Article 83 mandates that the following assumptions apply in any standard formula scenario-based module or sub-module calculation: * The risk margin does not change. * Deferred tax assets and liabilities do not change. * Future discretionary benefits do not change. * Management actions during the scenario are not reflected.

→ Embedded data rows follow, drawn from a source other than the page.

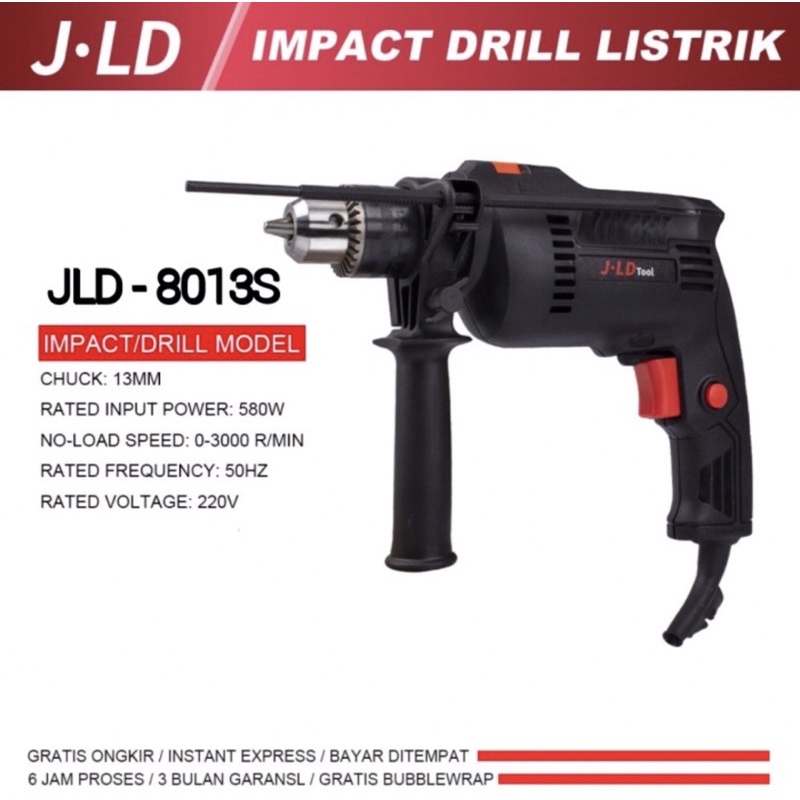 Jual Mesin Bor JLD 13mm impact drill beton tembok JLD 8013s Shopee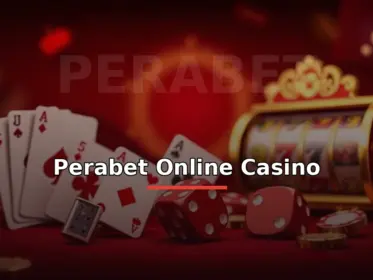 Perabet online casino: kart, zar ve slot ikonlu modern casino arayüzü görseli
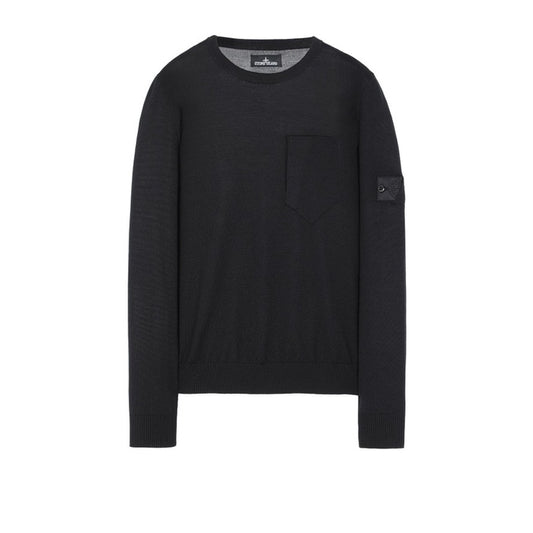 Stone Island Shadow Project Black Catch Pocket 505A4 Sweater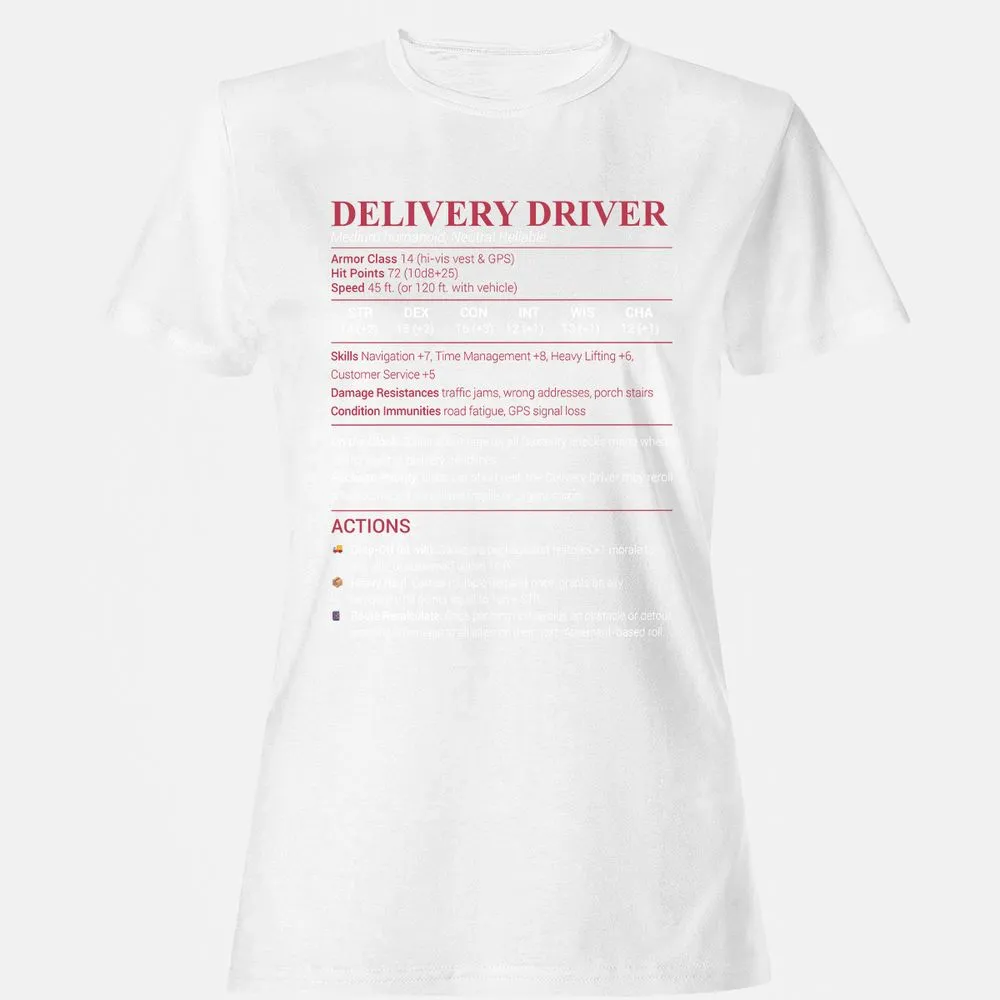 Delivery Driver Women's T-Shirt - White - 16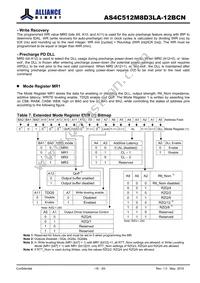 AS4C512M8D3LA-12BCN Datasheet Page 16
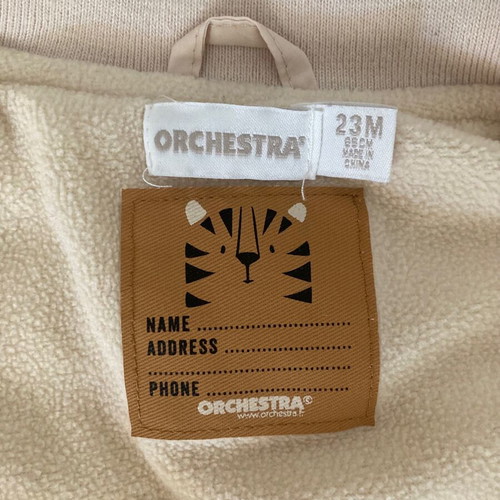 Orchestra sleeveless jacket for 23 months old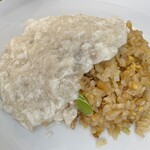 中國料理 聚寳園 - 【2024/4】かにあんかけチャーハン(近景)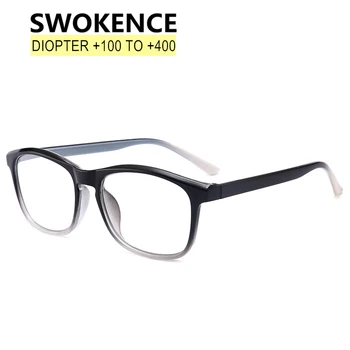 SWOKENCE Full Frame Okuliare na Čítanie Ženy Muži Pružiny Závesov Okuliare Pre Presbyopia Ďalekozrakosť S Diopter +1,0 až +4.0 R154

This page does not model any liability-side response, Article 84 look-through, infrastructure qualification, strategic-equity evidence, long-term-equity eligibility, or equity-risk aggregation. The input exposure should already be the qualifying infrastructure equity amount that remains after strategic and long-term equity branches have been carved out.

Input Terms

  • Qualifying Infrastructure Project Equity Exposure: The value of qualifying infrastructure equity exposure that should receive the standard infrastructure project equity shock.[2][1]
  • Infrastructure Equity Base Shock Factor: The Article 169 base shock for qualifying infrastructure project equity exposure, defaulting to 30%.[1]
  • Infrastructure Equity SA Multiplier: The Article 169 multiplier applied to the symmetric adjustment for qualifying infrastructure project equity exposure, defaulting to 0.77.[1]
  • Symmetric Adjustment: The Article 172 symmetric adjustment, expressed in percentage points and supported by official EIOPA technical information for the reporting date.[4]

Technical Rationale

The Article 169 qualifying infrastructure project branch keeps infrastructure qualification and symmetric-adjustment scaling visible because both affect whether the preferential calibration is available. The regulatory defaults produce a lower base shock than ordinary Type 2 equity, but only for exposure that remains after strategic and long-term equity branches have been excluded.

Important Notes

  • Qualification not modelled here: This page assumes the exposure has already been confirmed as qualifying infrastructure project equity.
  • Symmetric adjustment source: The Article 172 value should be supported by official EIOPA technical information for the reporting date.
  • Preferential branches excluded: Strategic and long-term equity infrastructure exposures use the 22% preferential branch instead of this standard infrastructure shock.
  • Branch boundary: This page does not model any liability-side response and is not a complete equity SCR calculation by itself.
  • Reporting: The displayed result is intended to support the corresponding equity-risk component for the S.25.01.01 standard-formula reporting view.[5]

Sources

  1. Delegated Regulation (EU) 2015/35 - Art. 169 (Standard equity risk sub-module) - EIOPA
  2. Delegated Regulation (EU) 2015/35 - Art. 168 (Equity risk: general provisions) - EIOPA
  3. Directive 2009/138/EC - Art. 87 (Own funds) - EIOPA
  4. Delegated Regulation (EU) 2015/35 - Art. 172 (Symmetric adjustment of the equity capital charge) - EIOPA
  5. Commission Implementing Regulation (EU) 2023/894 - QRT S.25.01.01 (SCR standard formula) - EUR-Lex

Default values are illustrative sample inputs for navigation, training, and QA. Replace them with controlled data before using the result in capital analysis, governance, or reporting decisions.